WASHINGTON, Oct. 31 (UPI) -- Proposals by Republican U.S. presidential hopefuls to lop off a chunk of the federal budget may be popular but are unrealistic, a budget watchdog group says.
The proposals would, in some fashion, ratchet spending back to levels not seen in decades and would require actions akin to ending a major program such as Medicare or cutting the entire defense budget, The Washington Times reported Monday.
The plans include former Massachusetts Gov. Mitt Romney's pledge to cap government spending at 20 percent of gross domestic product -- down from the current 24 percent -- and pledges by former New Mexico Gov. Gary Johnson and Rep. Ron Paul of Texas that would cut more than 40 percent from current spending to levels unseen since the 1950s.
Such proposals are "totally unrealistic," Robert Bixby, executive director of the bipartisan budget watchdog Concord Coalition, a fiscal responsibility advocacy group.
"It may look good on paper, but I don't think they realistically confront the automatic cost growth that is built in for Social Security, Medicare and Medicaid, and a realistic plan is going to have to deal with that," Bixby said.
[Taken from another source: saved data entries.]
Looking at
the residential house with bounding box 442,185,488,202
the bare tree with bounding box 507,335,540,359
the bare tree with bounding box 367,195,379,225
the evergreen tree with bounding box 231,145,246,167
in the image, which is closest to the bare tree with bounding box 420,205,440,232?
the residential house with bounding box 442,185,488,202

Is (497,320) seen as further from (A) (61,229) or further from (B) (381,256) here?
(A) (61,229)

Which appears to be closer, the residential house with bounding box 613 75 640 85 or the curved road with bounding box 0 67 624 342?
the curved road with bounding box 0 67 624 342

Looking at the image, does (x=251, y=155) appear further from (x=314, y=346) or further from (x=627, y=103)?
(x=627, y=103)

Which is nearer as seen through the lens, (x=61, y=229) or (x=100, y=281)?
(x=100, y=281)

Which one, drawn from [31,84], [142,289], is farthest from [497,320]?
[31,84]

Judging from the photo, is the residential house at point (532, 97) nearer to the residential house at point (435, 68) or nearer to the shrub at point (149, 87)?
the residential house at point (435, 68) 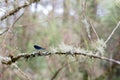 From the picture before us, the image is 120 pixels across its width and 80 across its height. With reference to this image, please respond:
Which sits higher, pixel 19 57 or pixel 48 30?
pixel 19 57

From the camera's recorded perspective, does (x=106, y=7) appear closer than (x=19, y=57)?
No

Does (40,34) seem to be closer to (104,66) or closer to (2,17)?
(104,66)

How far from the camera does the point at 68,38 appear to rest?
3.33m

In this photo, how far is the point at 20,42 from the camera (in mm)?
2998

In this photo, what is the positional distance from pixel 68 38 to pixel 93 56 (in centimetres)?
230

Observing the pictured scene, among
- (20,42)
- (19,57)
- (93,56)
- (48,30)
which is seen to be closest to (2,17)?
(19,57)

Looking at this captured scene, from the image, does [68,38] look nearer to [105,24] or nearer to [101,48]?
[105,24]

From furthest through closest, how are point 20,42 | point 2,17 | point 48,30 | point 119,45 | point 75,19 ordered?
point 75,19
point 48,30
point 20,42
point 119,45
point 2,17

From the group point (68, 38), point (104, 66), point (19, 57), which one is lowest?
point (104, 66)

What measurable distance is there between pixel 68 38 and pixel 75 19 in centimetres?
47

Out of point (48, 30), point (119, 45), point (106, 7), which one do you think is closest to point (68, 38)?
point (48, 30)

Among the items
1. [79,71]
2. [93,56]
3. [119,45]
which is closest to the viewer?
[93,56]

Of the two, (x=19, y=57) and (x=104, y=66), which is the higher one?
(x=19, y=57)

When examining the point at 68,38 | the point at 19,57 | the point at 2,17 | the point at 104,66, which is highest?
the point at 2,17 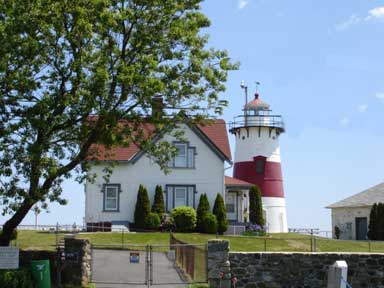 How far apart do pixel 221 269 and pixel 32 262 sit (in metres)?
5.53

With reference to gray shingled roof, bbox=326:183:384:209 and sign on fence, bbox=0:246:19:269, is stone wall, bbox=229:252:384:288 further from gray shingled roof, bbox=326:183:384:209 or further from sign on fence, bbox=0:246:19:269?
gray shingled roof, bbox=326:183:384:209

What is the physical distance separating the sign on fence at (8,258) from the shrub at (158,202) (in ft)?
67.7

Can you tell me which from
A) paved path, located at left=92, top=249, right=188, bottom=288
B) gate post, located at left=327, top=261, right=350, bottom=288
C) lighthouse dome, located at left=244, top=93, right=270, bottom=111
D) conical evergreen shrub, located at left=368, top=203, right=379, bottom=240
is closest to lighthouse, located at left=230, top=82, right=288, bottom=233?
lighthouse dome, located at left=244, top=93, right=270, bottom=111

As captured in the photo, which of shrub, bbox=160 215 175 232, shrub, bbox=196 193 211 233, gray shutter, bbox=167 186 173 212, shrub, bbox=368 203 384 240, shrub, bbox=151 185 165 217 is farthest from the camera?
shrub, bbox=368 203 384 240

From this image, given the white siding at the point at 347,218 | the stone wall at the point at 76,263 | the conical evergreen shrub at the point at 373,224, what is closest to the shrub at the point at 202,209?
the conical evergreen shrub at the point at 373,224

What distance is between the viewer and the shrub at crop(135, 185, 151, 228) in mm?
39156

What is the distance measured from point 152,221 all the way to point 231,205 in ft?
22.4

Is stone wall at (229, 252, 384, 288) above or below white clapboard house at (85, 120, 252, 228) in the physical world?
below

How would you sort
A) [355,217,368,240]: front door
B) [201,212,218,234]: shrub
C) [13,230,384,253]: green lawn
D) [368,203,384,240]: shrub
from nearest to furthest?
[13,230,384,253]: green lawn → [201,212,218,234]: shrub → [368,203,384,240]: shrub → [355,217,368,240]: front door

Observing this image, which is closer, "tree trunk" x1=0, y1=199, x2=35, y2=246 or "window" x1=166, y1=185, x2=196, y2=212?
"tree trunk" x1=0, y1=199, x2=35, y2=246

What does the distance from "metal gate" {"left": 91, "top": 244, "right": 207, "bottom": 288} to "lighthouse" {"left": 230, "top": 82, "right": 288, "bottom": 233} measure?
21.5 m

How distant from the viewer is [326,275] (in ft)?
68.0

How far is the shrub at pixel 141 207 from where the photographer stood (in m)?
39.2

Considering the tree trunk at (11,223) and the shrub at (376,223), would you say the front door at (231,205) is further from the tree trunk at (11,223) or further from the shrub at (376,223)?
the tree trunk at (11,223) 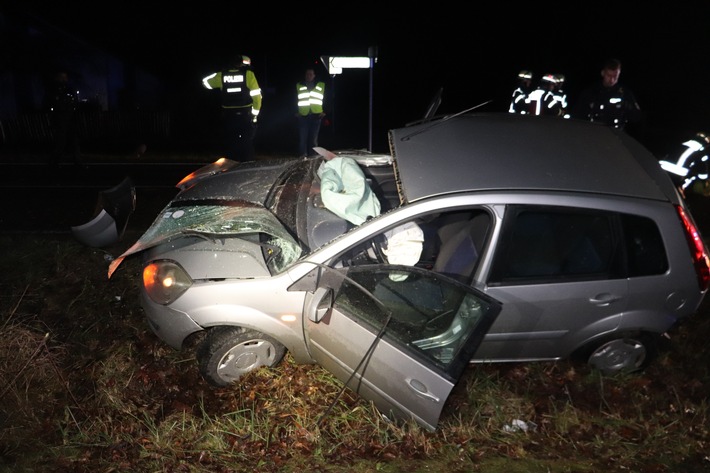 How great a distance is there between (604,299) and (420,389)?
1489 millimetres

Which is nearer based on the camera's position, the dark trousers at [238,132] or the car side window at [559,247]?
the car side window at [559,247]

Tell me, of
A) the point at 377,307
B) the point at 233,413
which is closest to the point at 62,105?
the point at 233,413

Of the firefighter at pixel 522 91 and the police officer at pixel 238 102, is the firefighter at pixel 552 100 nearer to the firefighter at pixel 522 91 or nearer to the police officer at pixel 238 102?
the firefighter at pixel 522 91

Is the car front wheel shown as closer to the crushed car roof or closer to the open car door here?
the crushed car roof

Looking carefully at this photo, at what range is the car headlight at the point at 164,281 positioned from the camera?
3658 mm

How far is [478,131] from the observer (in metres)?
4.23

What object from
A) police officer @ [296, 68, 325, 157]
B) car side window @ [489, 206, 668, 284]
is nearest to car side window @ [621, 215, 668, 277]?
car side window @ [489, 206, 668, 284]

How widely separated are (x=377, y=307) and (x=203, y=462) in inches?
56.0

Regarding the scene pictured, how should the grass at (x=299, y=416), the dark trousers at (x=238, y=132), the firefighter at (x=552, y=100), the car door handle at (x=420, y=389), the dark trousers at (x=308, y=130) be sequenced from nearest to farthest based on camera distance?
the car door handle at (x=420, y=389) < the grass at (x=299, y=416) < the firefighter at (x=552, y=100) < the dark trousers at (x=238, y=132) < the dark trousers at (x=308, y=130)

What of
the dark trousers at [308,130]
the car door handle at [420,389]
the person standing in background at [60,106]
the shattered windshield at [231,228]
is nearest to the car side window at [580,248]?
the car door handle at [420,389]

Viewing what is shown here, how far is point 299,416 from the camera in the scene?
12.0ft

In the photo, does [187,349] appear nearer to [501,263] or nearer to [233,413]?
[233,413]

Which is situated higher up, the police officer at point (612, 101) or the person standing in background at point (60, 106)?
the police officer at point (612, 101)

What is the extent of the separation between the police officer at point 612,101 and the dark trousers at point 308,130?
18.4ft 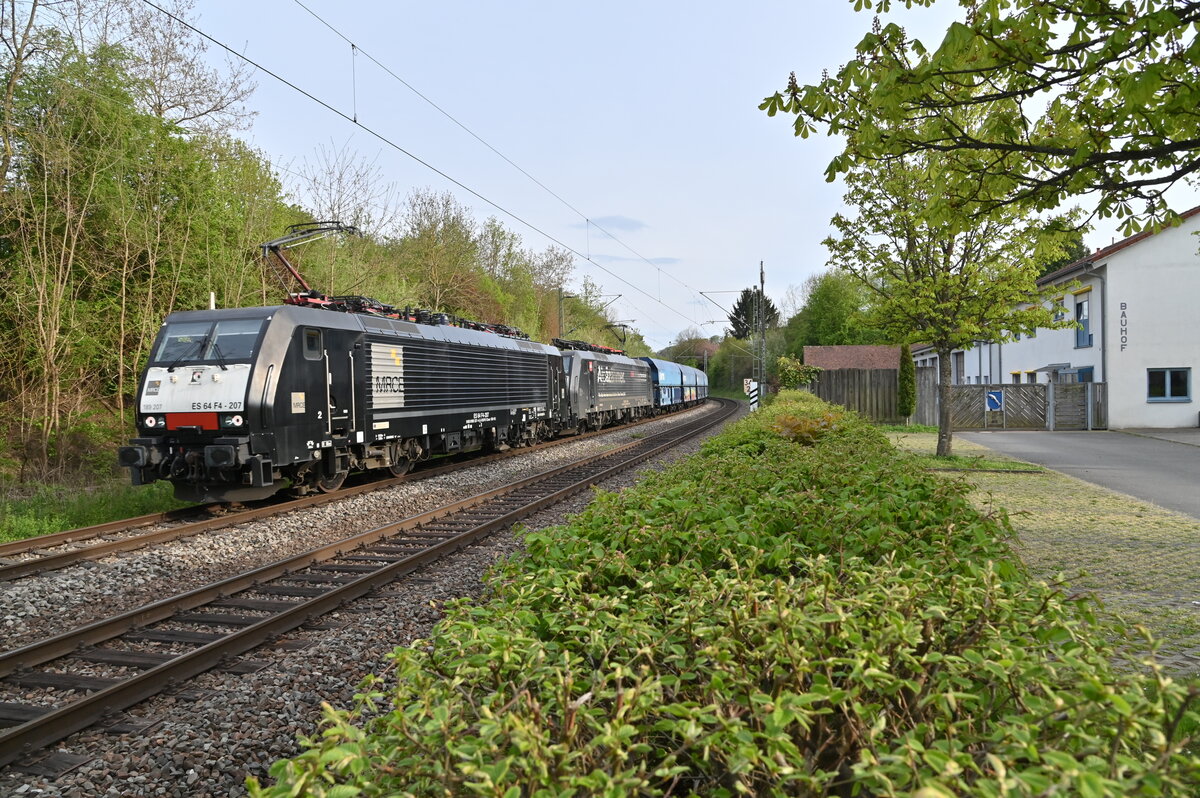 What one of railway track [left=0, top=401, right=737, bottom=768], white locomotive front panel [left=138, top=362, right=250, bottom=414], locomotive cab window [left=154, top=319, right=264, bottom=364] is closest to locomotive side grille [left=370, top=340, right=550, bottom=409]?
locomotive cab window [left=154, top=319, right=264, bottom=364]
Texas Gov. Rick Perry's goal to limit the federal government to 18 percent of GDP would mean a spending reduction of 6 percent of GDP -- more than the combined cost of Medicare and Medicaid in 2011, or more than the cost of Social Security or more than the entire defense budget.
"If you are going to keep spending at 20 percent of GDP, you are going to have to find a way to cut other spending by that much to offset the growth of Social Security, Medicare and Medicaid," Bixby said. "If you are going to cut 5 [percent] or 6 percent of GDP out of discretionary programs, that means cutting about 75 percent of what we spend on everything else -- all the appropriations, including defense."
While the candidates' plans generally proffer lower spending targets while pushing the concept of reshaping entitlement programs to save money, they lack what specific changes would be made to Social Security, Medicare and Medicaid, as well as the fact that real savings from gradually increasing the retirement age or means-testing programs would be beyond the 10-year budget cycle, the Times said.
"You are certainly not going to get big savings this decade," Bixby said. "That doesn't mean you shouldn't do it because you want to get the savings in the out years."